> **Task description**: Below are records; print only the lines from the line containing "Durable magnetai geltoni Ø37mm, 20vnt." to the end, both included, reproduced exactly and without the pictures.

### Records supplied

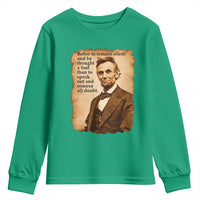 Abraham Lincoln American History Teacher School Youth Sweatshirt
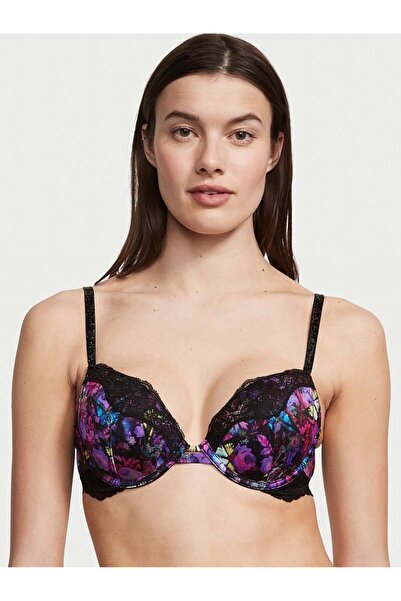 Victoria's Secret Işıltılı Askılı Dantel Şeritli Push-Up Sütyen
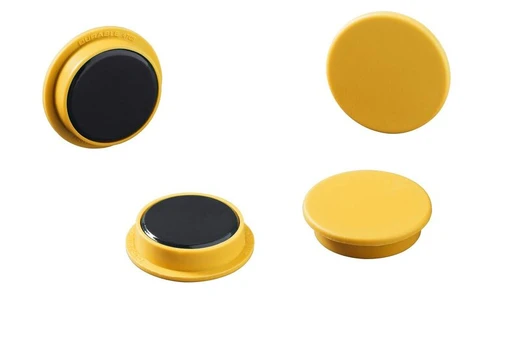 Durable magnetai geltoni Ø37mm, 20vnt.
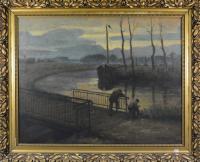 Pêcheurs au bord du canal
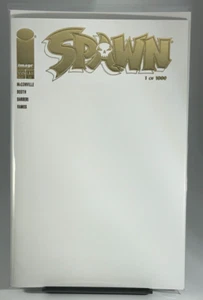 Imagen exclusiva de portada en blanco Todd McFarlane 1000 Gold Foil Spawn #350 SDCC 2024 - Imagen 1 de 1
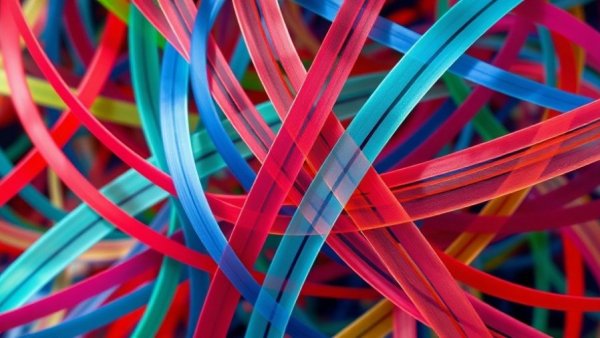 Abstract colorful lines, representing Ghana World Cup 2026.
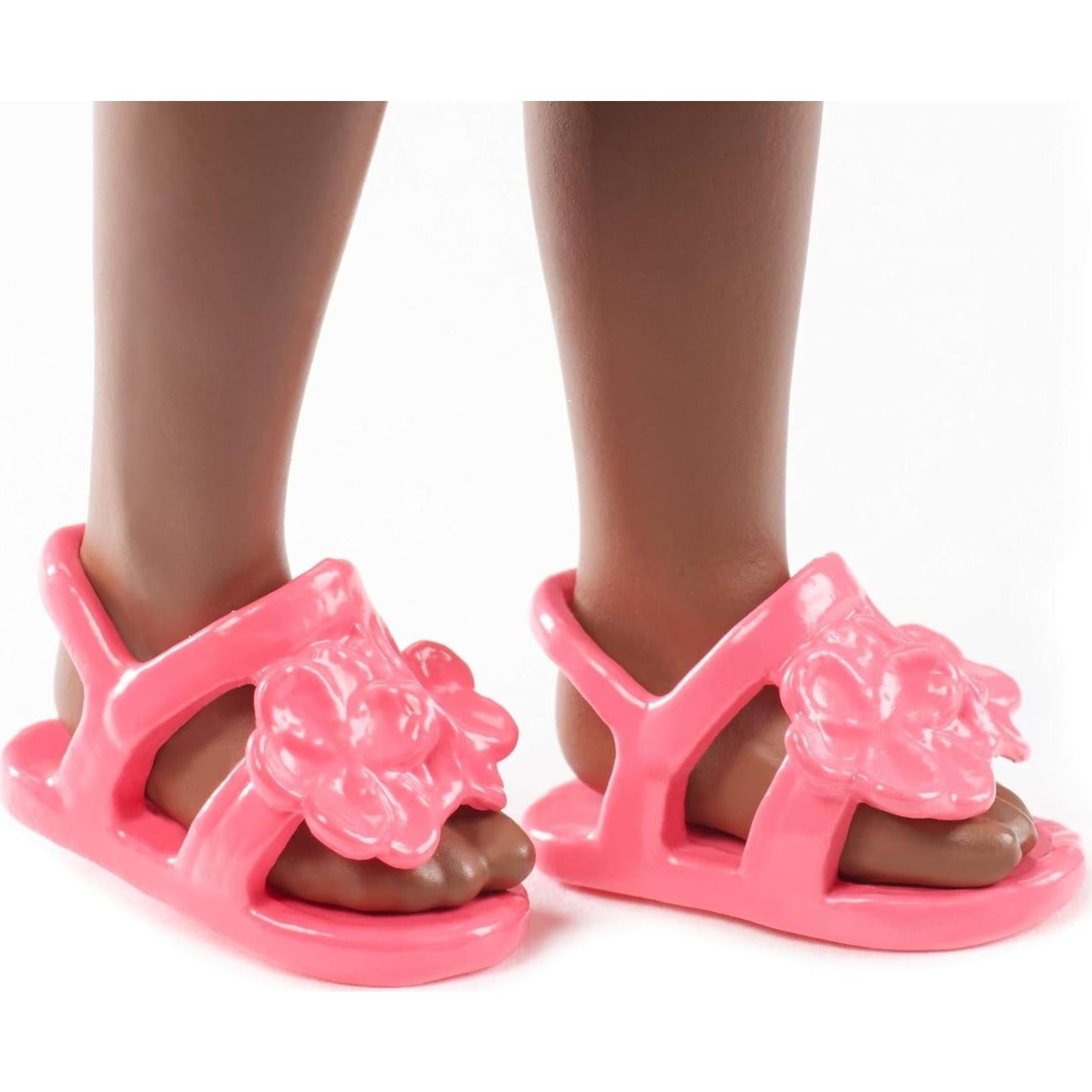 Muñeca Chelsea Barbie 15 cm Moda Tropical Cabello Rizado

######

> **Solved exercise**:
 Durable magnetai geltoni Ø37mm, 20vnt.
 Pêcheurs au bord du canal
 Imagen exclusiva de portada en blanco Todd McFarlane 1000 Gold Foil Spawn #350 SDCC 2024 - Imagen 1 de 1
 Abstract colorful lines, representing Ghana World Cup 2026.
 Muñeca Chelsea Barbie 15 cm Moda Tropical Cabello Rizado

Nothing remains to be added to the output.